- Les anges ont-ils des corps qui leur soient unis naturellement ?
- Assument-ils des corps ?
- Exercent-ils des fonctions vitales dans les corps qu'ils assument ?
Objections
1. Origène dit : « C'est le propre de la seule nature de Dieu (c'est-à-dire du Père, du Fils et de l'Esprit Saint) d'exister sans substance matérielle et en dehors de toute union corporelle. » On lit aussi dans S. Bernard : « Comme nous n'accordons qu'à Dieu l'immortalité, nous n'attribuons qu'à lui l'incorporéité ; sa nature est la seule qui n'ait pas besoin du secours d'un instrument corporel, ni pour lui, ni pour un autre. Mais ce secours est nécessaire à tout esprit créé. » S. Augustin dit également : « Les démons sont appelés des animaux aériens, parce qu'ils possèdent la nature des corps aériens. » Or les anges et les démons ont la même nature ; les anges ont donc des corps qui leur sont unis naturellement.
2. S. Grégoire appelle l'ange « animal raisonnable » ; or tout animal est composé de corps et d'âme : les anges ont donc des corps qui leur sont unis naturellement.
3. La vie est plus parfaite dans les anges que dans les âmes. Or, non seulement l'âme vit, mais elle vivifie le corps. Donc les anges vivifient des corps qui leur sont unis naturellement.
En sens contraire, Denys dit qu'il faut considérer les anges comme des êtres aussi bien immatériels qu'incorporels.
Réponse
Les anges n'ont pas de corps qui leur soient naturellement unis. En effet, ce qui est accidentel à une nature ne se retrouve pas nécessairement dans tous les cas où cette nature se réalise ; avoir des ailes, par exemple, n'est pas essentiel à l'animal, et par suite ne convient pas à tous les animaux. Or, comme nous le prouverons plus loin, l'acte d'intellection n'est l'acte ni d'un corps ni d'une faculté corporelle ; être uni à un corps n'est donc pas essentiel à la substance intellectuelle en tant que telle, encore que cela puisse arriver pour des raisons extrinsèques à son caractère intellectuel. Ainsi en va-t-il de l'âme ; si elle est unie à un corps, c'est que, imparfaite et en puissance dans le genre des substances intellectuelles, elle n'a pas, par nature, la plénitude de la science, mais doit l'acquérir à l'aide des sens corporels à partir des choses sensibles. Or, si une nature appartenant à un genre donné est imparfaite par rapport à la perfection propre de ce genre, il faut que, d'abord, cette perfection générique soit réalisée pleinement en une autre nature. Il y a donc, parmi les êtres de nature intellectuelle, des substances intellectuelles parfaites qui n'ont pas besoin de puiser leur science dans les choses sensibles, et par conséquent les substances intellectuelles ne sont pas toutes unies à des corps ; certaines existent à l'état séparé : c'est elles que nous appelons les anges.
Solutions
1. Comme nous l'avons déjà dit, certains croyaient que tout ce qui existe est corporel. C'est cette opinion qui semble les avoir conduits à penser que toutes les substances spirituelles sont unies à des corps ; certains sont allés jusqu'à dire que Dieu est l'âme du monde, comme le rapporte S. Augustin. Mais cela contredit la foi catholique, pour laquelle Dieu est élevé au-dessus de toute chose, selon la parole du Psaume (Psaumes 8.2) : « Ta majesté est élevée au-dessus des cieux. » Aussi Origène a-t-il refusé de parler ainsi de Dieu ; mais il a admis cette opinion pour les autres substances, se laissant tromper là comme en beaucoup d'autre points par les opinions des philosophes.

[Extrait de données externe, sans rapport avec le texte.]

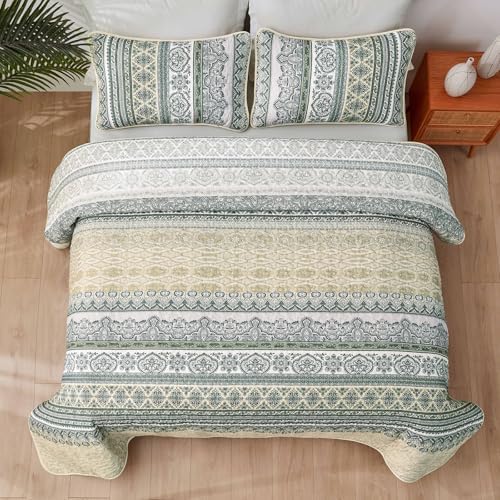 WONGS BEDDING Boho Quilt Set Queen Size Beige 3 Pieces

On peut expliquer le mot de S. Bernard en ce sens que les esprits créés ont un instrument corporel, non pas uni naturellement, mais assumé pour accomplir certaines fonctions.
Quant à S. Augustin, il n'exprime pas sa propre conviction, mais rapporte l'opinion des platoniciens, qui croyaient à l'existence d'animaux aériens qu'ils appelaient « démons ».

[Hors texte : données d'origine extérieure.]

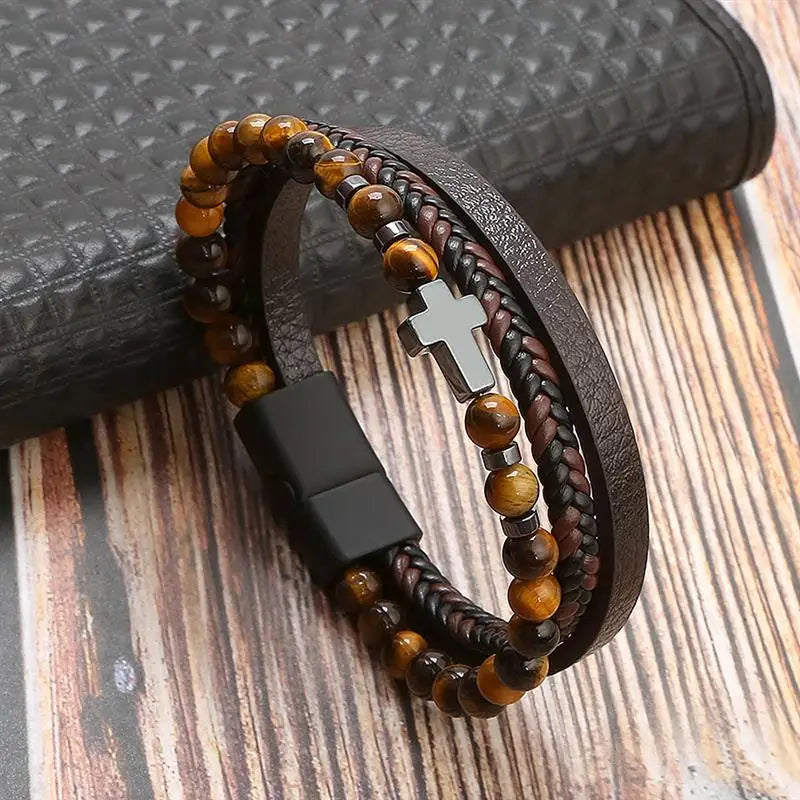 Gramado Klassisches Geflochtenes Lederarmband – Mehrlagiges Modeaccessoire für Herren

2. S. Grégoire appelle l'ange « animal raisonnable » par métaphore, parce que l'ange a une raison semblable à celle de l'homme.

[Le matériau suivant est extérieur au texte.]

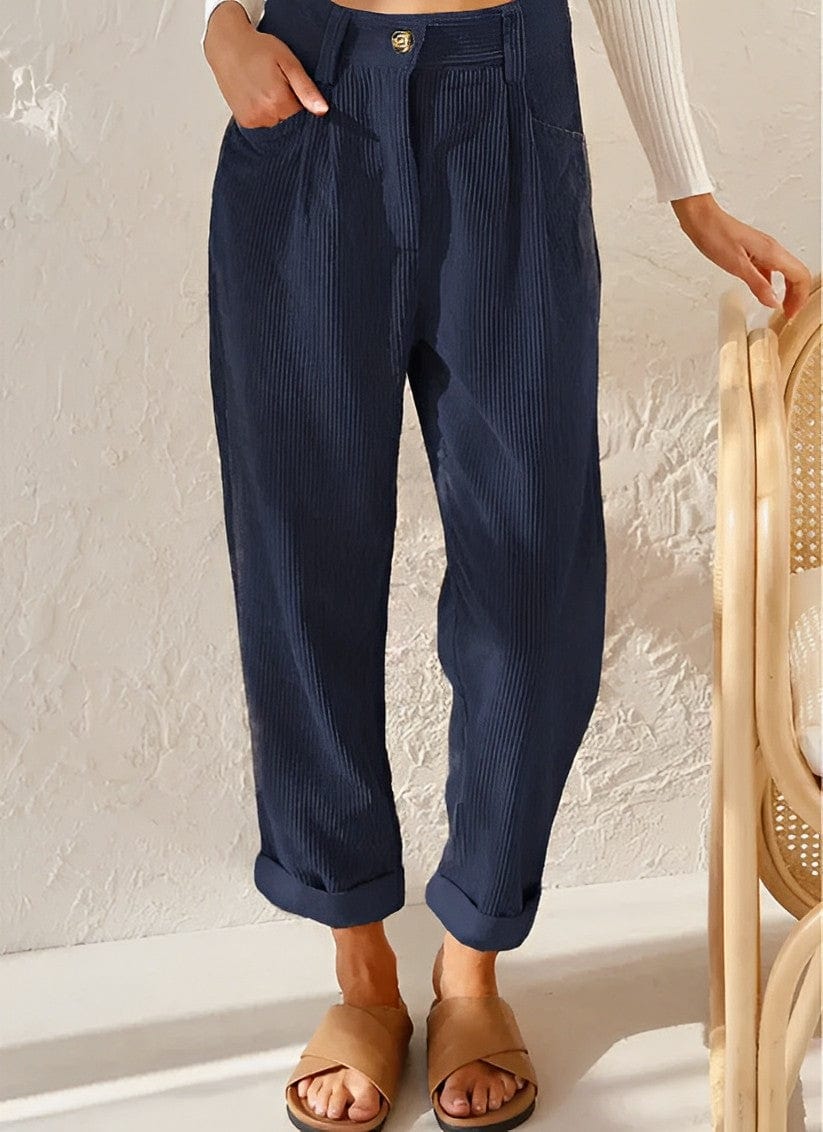 Elegant Women's Corduroy Pants with High Waist – Naima Autumn Edition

3. Vivifier à titre de cause efficiente est une perfection simple ; elle convient donc à Dieu : « C'est le Seigneur qui donne la mort ou la vie » (1 Samuel 2.6). Mais vivifier à titre de cause formelle est propre à la substance qui fait partie d'une nature, et n'est pas, à elle seule, une nature complète. La substance intellectuelle qui n'est pas unie à un corps est donc plus parfaite que celle qui l'est.
Objections
1. Il semble bien que non. En effet, comme la nature physique, les anges n'emploient aucun moyen superflu dans leurs opérations. Or, assumer des corps serait superflu pour les anges, car l'ange n'a pas besoin de corps, puisque sa puissance surpasse toute puissance corporelle. L'ange n'assume donc pas de corps.
2. Assumer une chose, c'est l'unir à soi. Or, nous l'avons dit dans l'article précédent, un corps ne peut pas être uni à un ange comme à sa forme. D'autre part, si le corps est uni à l'ange comme à un moteur, on ne dit pas qu'il est assumé, autrement tous les corps mus par les anges seraient assumés par eux. Les anges n'assument donc pas de corps.
3. Les anges n'assument ni des corps de terre ou d'eau, car ils ne pourraient les faire disparaître d'un seul coup ; ni des corps de feu, parce qu'ils brûleraient ce qu'ils toucheraient ; ni des corps d'air, car l'air n'a ni figures, ni couleur. Les anges n'assument donc pas des corps.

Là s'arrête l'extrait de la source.